Record excerpts:
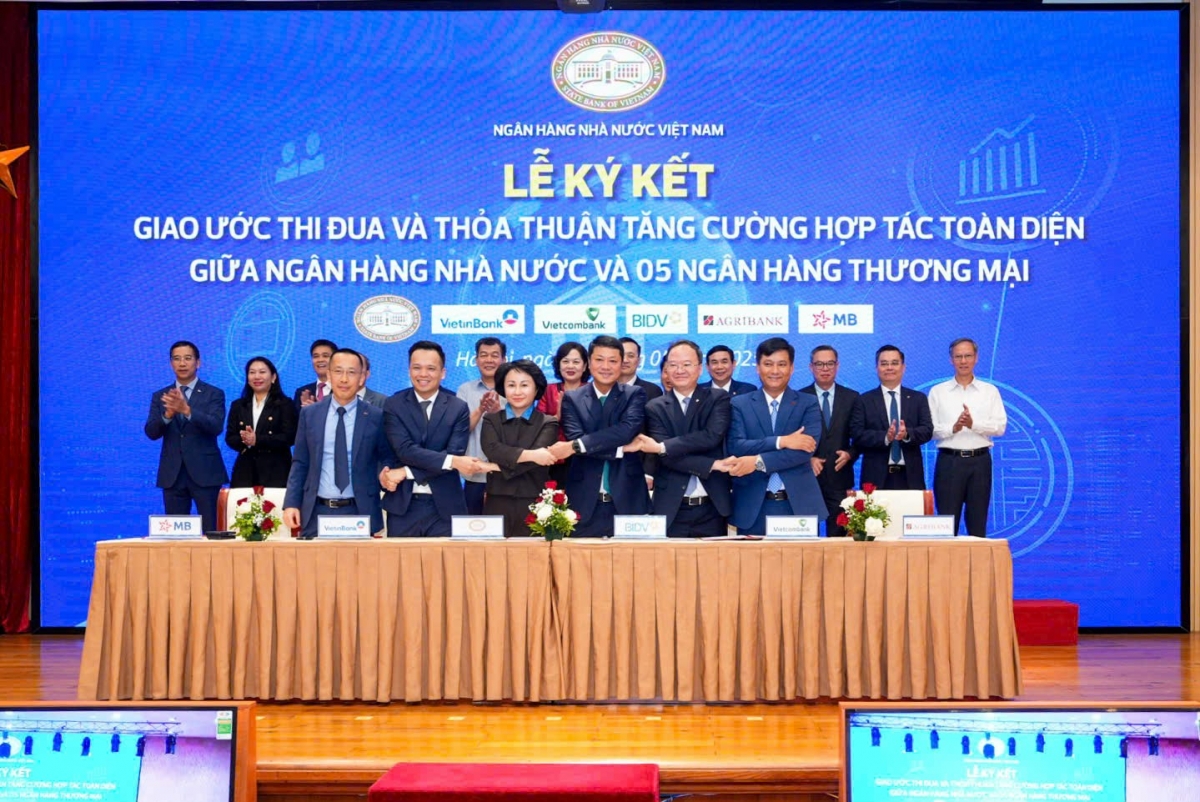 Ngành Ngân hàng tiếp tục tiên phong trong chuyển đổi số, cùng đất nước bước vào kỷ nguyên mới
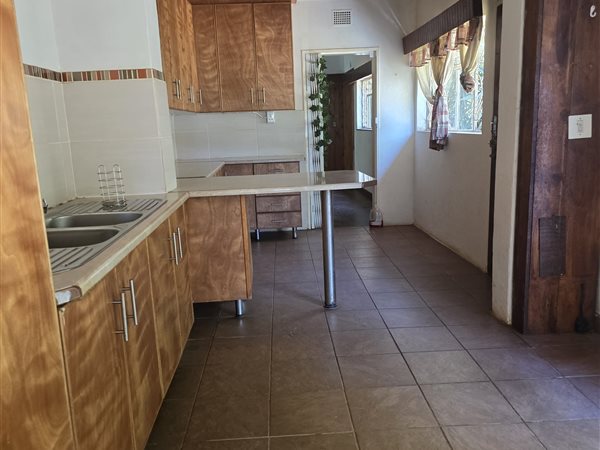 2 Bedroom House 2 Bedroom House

---

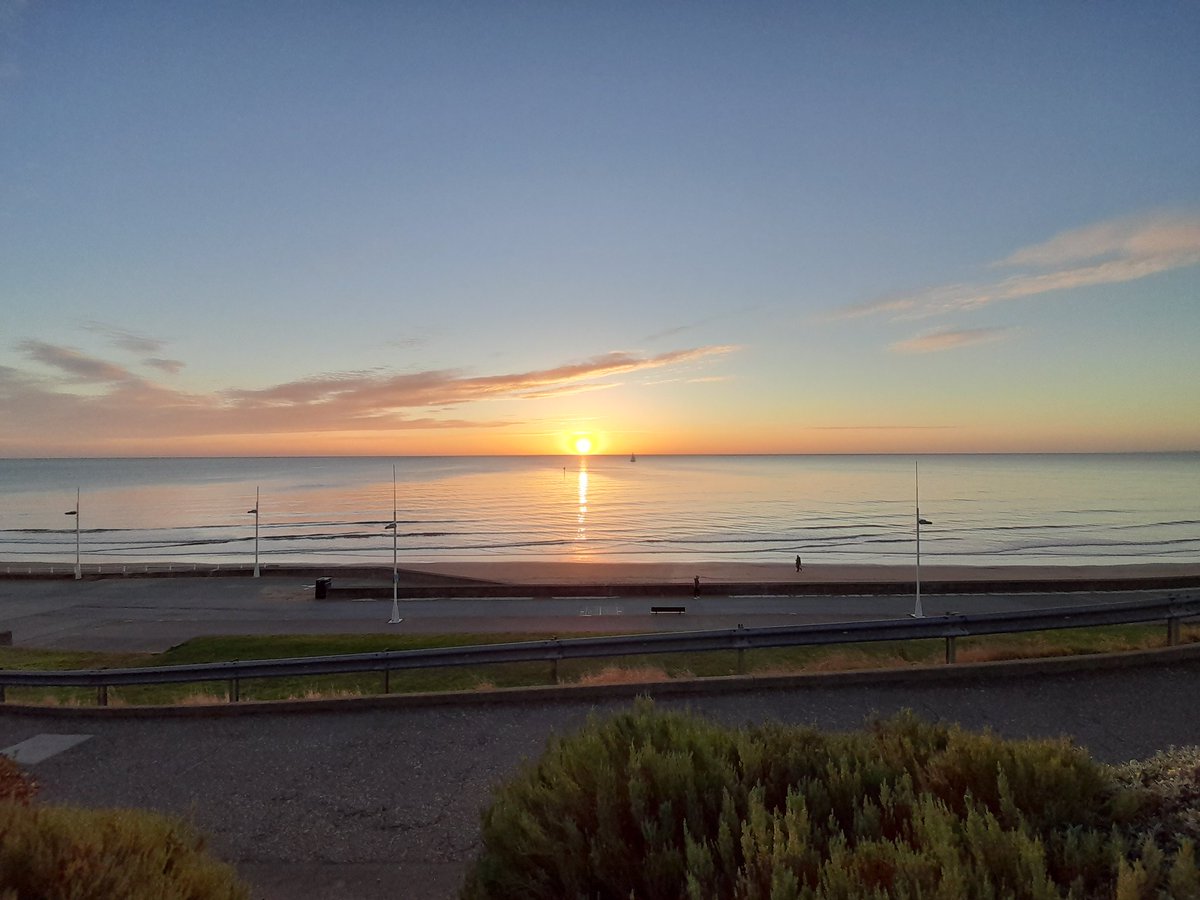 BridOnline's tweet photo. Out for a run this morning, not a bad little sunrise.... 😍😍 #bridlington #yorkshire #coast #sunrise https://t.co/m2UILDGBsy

---

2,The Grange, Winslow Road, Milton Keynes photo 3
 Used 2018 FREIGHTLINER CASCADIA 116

About this task: In the records above, copy exactly everything from the line that has "Ngành Ngân hàng" down to the line that has "2 Bedroom House 2 Bedroom House", both ends included, and leave out the pictures.

Problem solution:
 Ngành Ngân hàng tiếp tục tiên phong trong chuyển đổi số, cùng đất nước bước vào kỷ nguyên mới
 2 Bedroom House 2 Bedroom House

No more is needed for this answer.